Photo: Erin Kunkel / Courtesy of The Mill

For a caffeine kick or a quick bite en route to The Castro, The Mill is a joint venture between Four Barrel Coffee and Josey Baker Bread, which means you can expect the best of the best. With a menu that changes on the regular, plus pizza night every evening, this cafe serves up everything from seasonal roasted veggie on sourdough (from the original starter that Josey first used back in 2010) to melt-in-your-mouth pastries, and of course, the perfect cappuccino. As you continue south, you’ll find another small destination worth a visit: Basa, a stylish, sleek dispensary collective that more closely resembles a high-design doctor’s office. This efficiently run shop is the perfect spot for stocking up on everything from edibles to affordable grab bag mixes.

The Perish Trust

Photo: Courtesy of The Perish Trust

Next, visit a modern day general store, The Perish Trust, where you’ll find cool keepsakes, from must-have homegoods to equally important necessities like new shades courtesy of a recent collaboration with Warby Parker. Alternatively, try Tanner Goods, a Portland-founded outpost offering handcrafted leather everything (wallets, belts, overnight bags, and notebooks) located at the epicenter of Divisadero, between Grove and Hayes. Let your boyfriend get lost in the store as you head to the lower strip where the boutique Rare Device is brimming with decorative pillows, potted plants, precious paper goods, and a rotating gallery of artwork in the back. If the hills haven’t been enough and you want to get in a greater work out, go for Salt, a barre meets cardio kickboxing studio that lives up to its name (you’re guaranteed to get, well, salty within the first few minutes).

Che Fico

Photo: Douglas Friedman / Courtesy of Che Fico

Surely by now you’ve worked up an appetite. As luck would have it, Divisidero Street has been experiencing a sort of foodie renaissance over the last several years. On any given day, you’ll find locals and tourists alike lining up for lobster burrata salad at Bar Crudo, frozen Greek yogurt at Souvla, fried chicken at Brenda’s, or unforgettable Ethiopian fare at Oasis Cafe.

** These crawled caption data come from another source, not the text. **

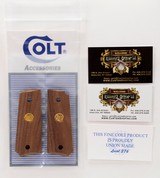 Colt 1911 Officer's Model ACP Factory Original Checkered Wood Grips. Gold 150 Yr. Anniversary Medallions. New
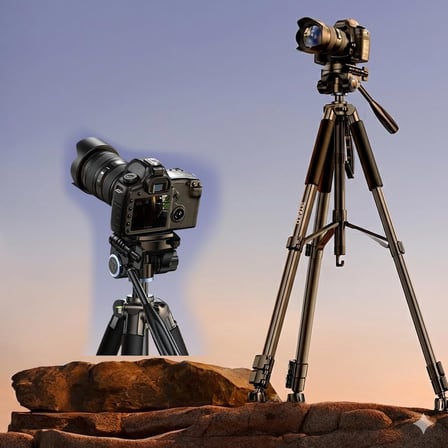 Coverzone Profesyonel Kamera Tripodu 360° ENT - Döner Kafa | Hafif ve Taşınabilir | Karbon Çelik Ayaklı | Fotoğraf Video Çekim Tripodu | DSLR Aksiyon Kamera Uyumlu | VT-860S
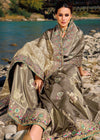 Beige grey Zari Woven Embroidery Banarasi Designer Silk Saree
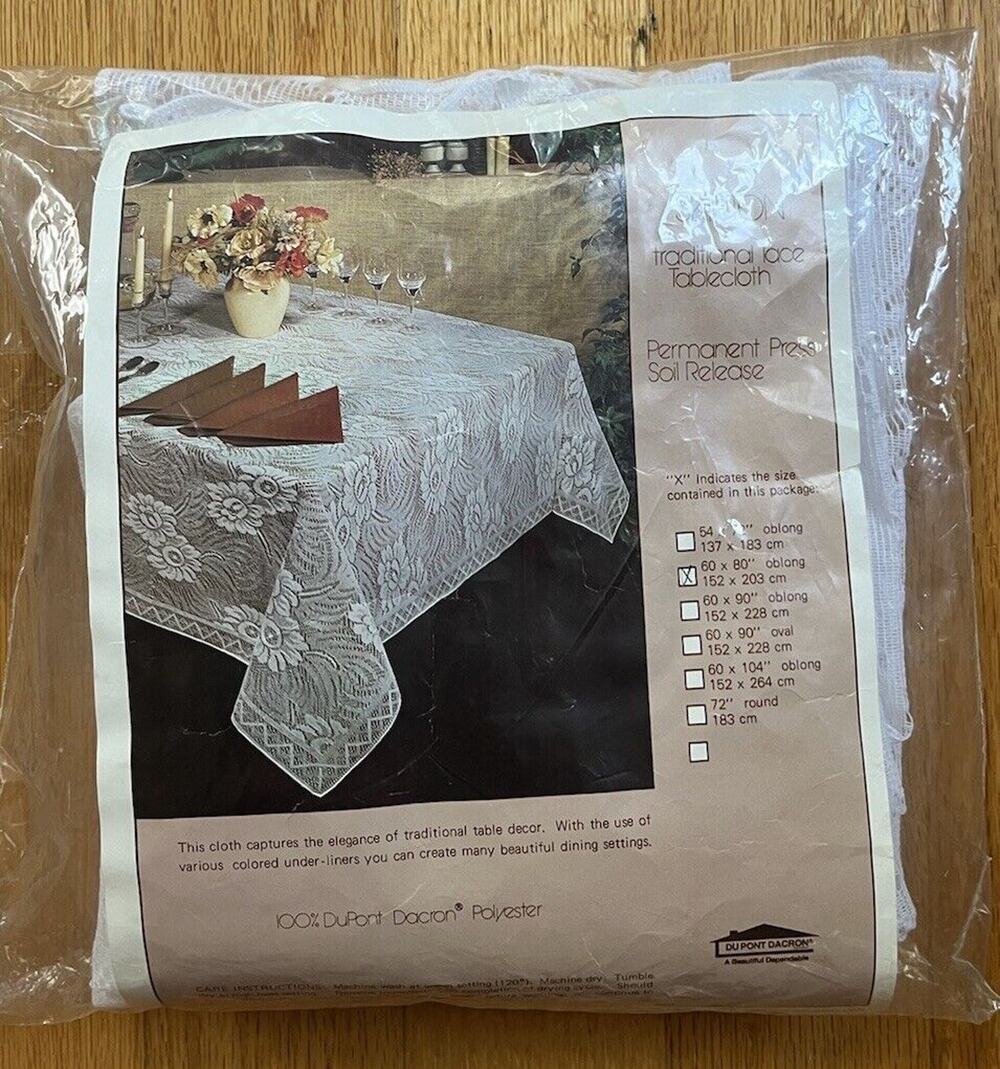 Vtg Skipton Lace White Tablecloth Permanent Press Cottage Oblong Shabby Chic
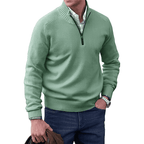Pull zippé homme col montant, demi-zip, dix coloris, vert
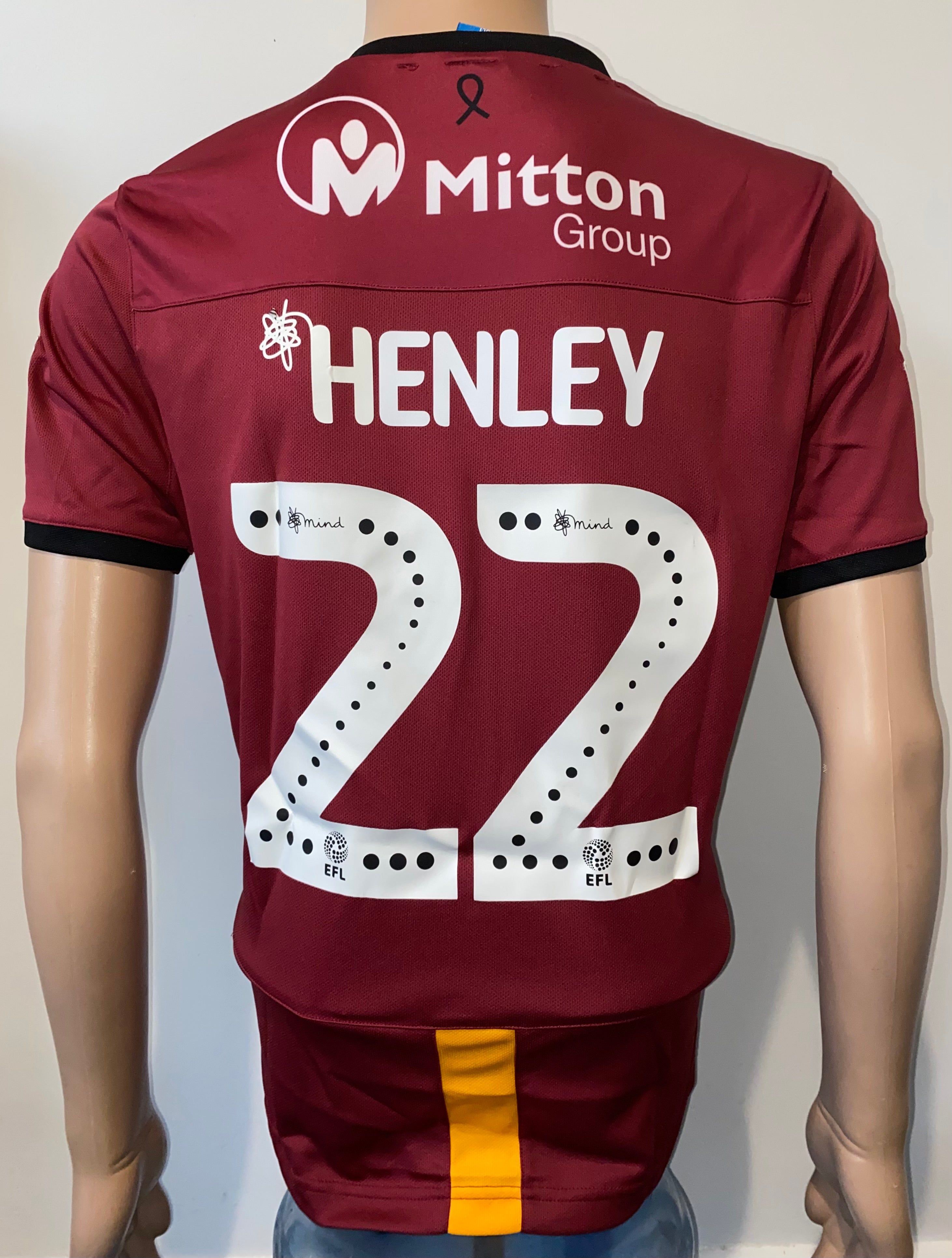 2019/20 BRADFORD CITY MATCH WORN HOME SHIRT (HENLEY #22)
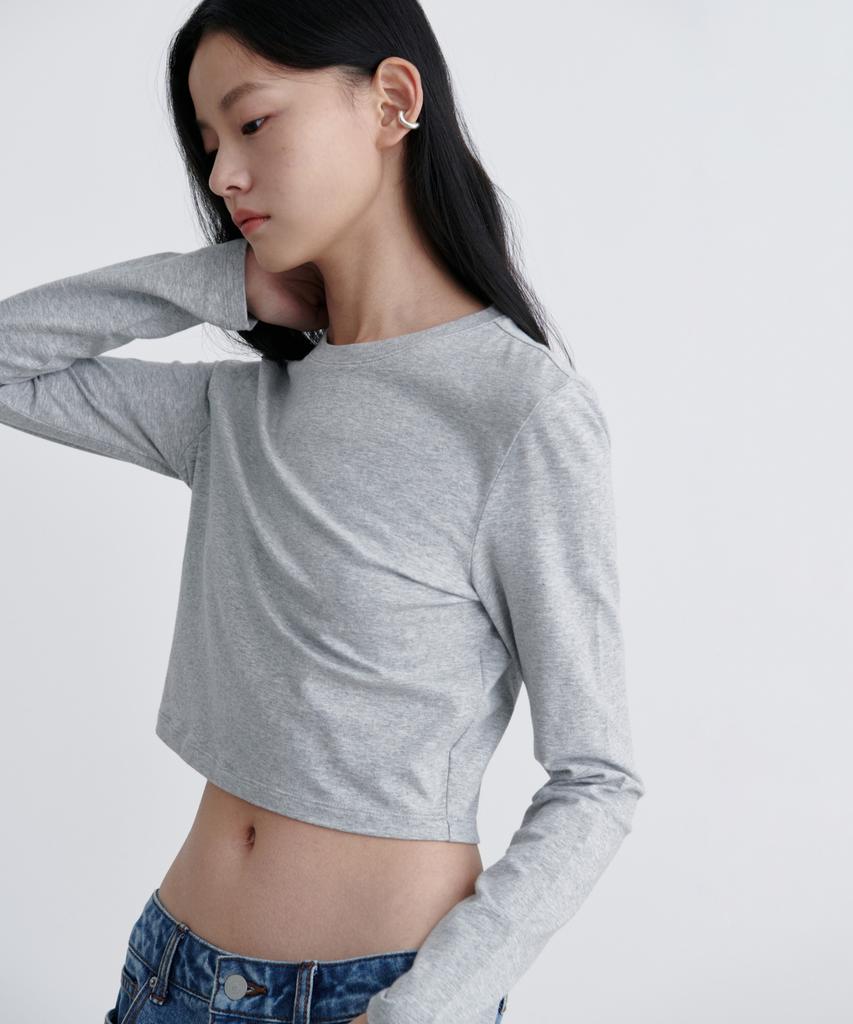 MUSINSA STANDARD WOMAN Женская узкая укороченная футболка с круглым вырезом и длинным рукавом [Средне-серый]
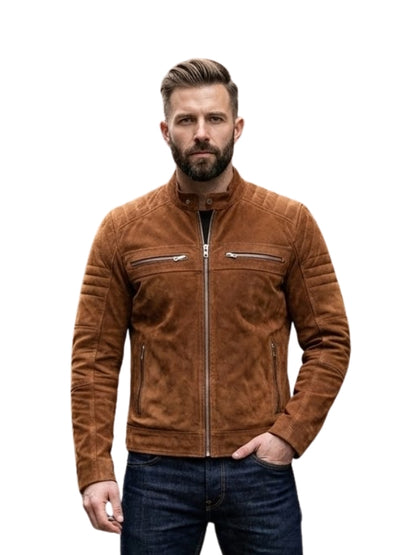 Man wearing a brown leather jacket on a white background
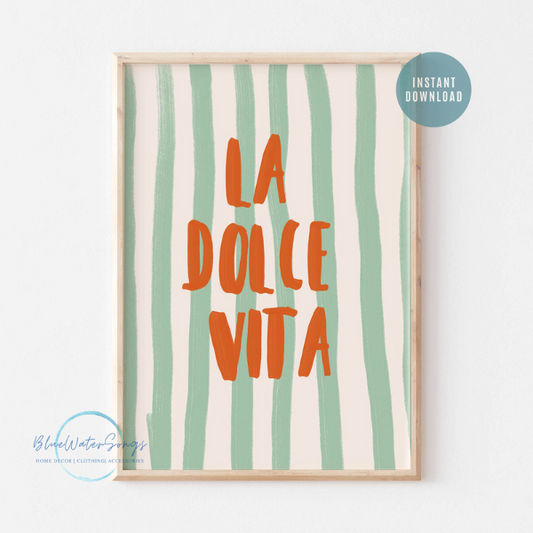 Green La Dolce Vita wall art from Blue Water Songs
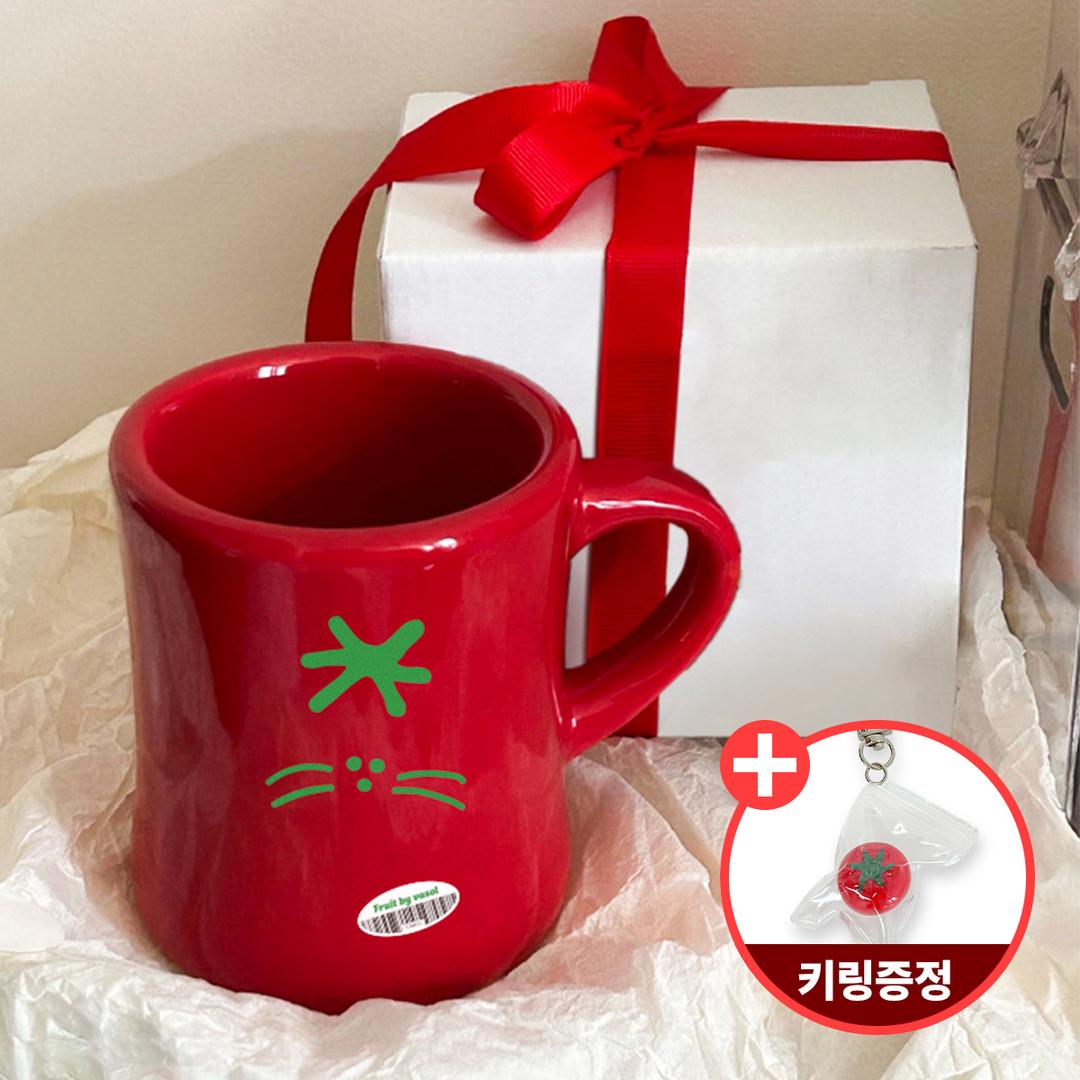 [단독] 토마토 머그컵 (+키링 증정) 귀여운 고양이 홈카페 감성 생일 자취 이사 집들이 선물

If you happen to be in the neighborhood on a Sunday, stop by the year-round farmers market at the corner of Grove Street for the freshest locally-grown fruits and veggies. Everyone loves the Ravioli Lady for her butternut squash ravioli, so get there early before she sells out. For a stand-out sit-down spot, Che Fico does rustic Italian perfectly. Take a seat in the extremely photogenic space, and wait to be served wood-fired pizza and hand-rolled orecchiette. It’s a little slice of heaven for those who have a sweet spot for Jewish-Italian cuisine—delicious desserts like olive oil cake in strawberry sauce from James Beard award-winning pastry chef Angela Pinkerton simply seal the deal. And of course, no trip to San Francisco is complete without a meal at Nopa, a local go-to restaurant that needs no formal introduction. Unfortunately, this means it’s on everyone else’s list, too, so you’ve got to book a reservation in advance, or expect a wait of up to four hours.

The Independant

Photo: Alamy

Last but not least, approaching the end of Divisidero Street (eventually it becomes Castro Street, but that’s for another story!) you’ll reach The Independent. The venue has a long and storied past that dates back to the late 60s, which includes a handful of name changes and hundreds of headliners, from Miles Davis to Nirvana to Vampire Weekend. And because it’s got arguably one of the best sound systems in the Bay Area, it’s also the perfect way to end a scenic journey; dance the night away.